SUMMARY OF THE INVENTION

The invention provides a solution to the previously discussed problems, by making it possible to recognise each command keyword present in a sound signal regardless of the linguistic specificities of its speaker.

A first aspect of the invention relates to a method for analysing a noisy sound signal for the recognition of at least one group of command keywords and a speaker of the noisy sound signal analysed, the noisy sound signal to be analysed being recorded by at least one microphone and the method comprising the following steps of:

- Constituting a training database comprising the following sub-steps of:
  - For each speaker to be recognised, recording at least one noiseless sound signal spoken by the speaker;
  - Recording, by the microphone, the environmental noise, the environmental noise being a noise generated by the speaker's sound environment;
  - For each noiseless sound signal recorded, adding the noise recorded to the noiseless sound signal to obtain a noisy sound signal;
  - For each noisy sound signal obtained, calculating a sound signature of the noisy sound signal obtained;
  - For each sound signature calculated, associating the sound signature calculated with the speaker who spoke the corresponding noiseless sound signal and with at least one group of command keywords;
- Supervised training of an artificial neural network on the training database to obtain an artificial neural network trained capable of providing, from a sound signature obtained from a noisy sound signal, a prediction of speaker and at least one prediction of command keyword group;
- Calculating a sound signature of the noisy sound signal analysed;
- Using the artificial neural network trained on the sound signature calculated to obtain a prediction of speaker and at least one prediction of command keyword group.

By means of the invention, the artificial neural network is trained to be capable both of recognising each command keyword present in the sound signal analysed and identifying the speaker of the sound signal analysed.

As the speaker of the sound signal is identified, it is possible to authorise triggering of commands corresponding to the command keywords recognised only when the identified speaker belongs to a group of approved speakers.

Training is carried out on a training database comprising, for each speaker to be recognised, a plurality of sound signatures obtained from noiseless sound signals recorded by the speaker himself, thus having the specificities of the speaker such as his language or accent, and the command keywords that the speaker wishes to use. Recognition of the speaker by the artificial neural network is therefore facilitated without the need for a phoneme-translation step or a language comprehension step, and each speaker can personalise the command keywords used.

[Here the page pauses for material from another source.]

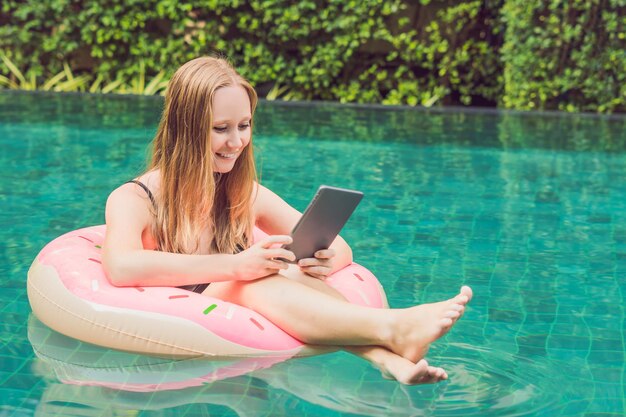 Giovane libera professionista seduta vicino alla piscina con il suo computer portatile in hotel navigando nel suo smartphone. Impegnato durante le vacanze. Concetto di lavoro a distanza. Copia spazio per il tuo testo.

In addition, the training database takes account of the noise in the proximity of the microphone, which improves performance of the artificial neural network on sound signals recorded by the microphone with similar noise.

Furthermore, training is carried out on a single training database enabling, on the one hand, learning of command keywords by the artificial neural network and, on the other hand, the identification of biometric characteristics enabling the speaker to be recognised by the artificial neural network. The amount of data required for the artificial neural network to learn is therefore much less than that required in the state of the art, where these two tasks are carried out separately on two distinct training databases.

In addition to the characteristics just discussed in the preceding paragraph, the method according to the first aspect of the invention may have one or more complementary characteristics from among the following, considered individually or according to any technically possible combinations.

According to an alternative embodiment, the artificial neural network trained is further capable of providing, from a sound signature, a prediction of activation binary relating to the detection or non-detection of at least one group of activation keywords, each sound signature of the training database being further associated with an activation binary, the step of using the artificial neural network trained making it possible to further obtain a prediction of activation binary.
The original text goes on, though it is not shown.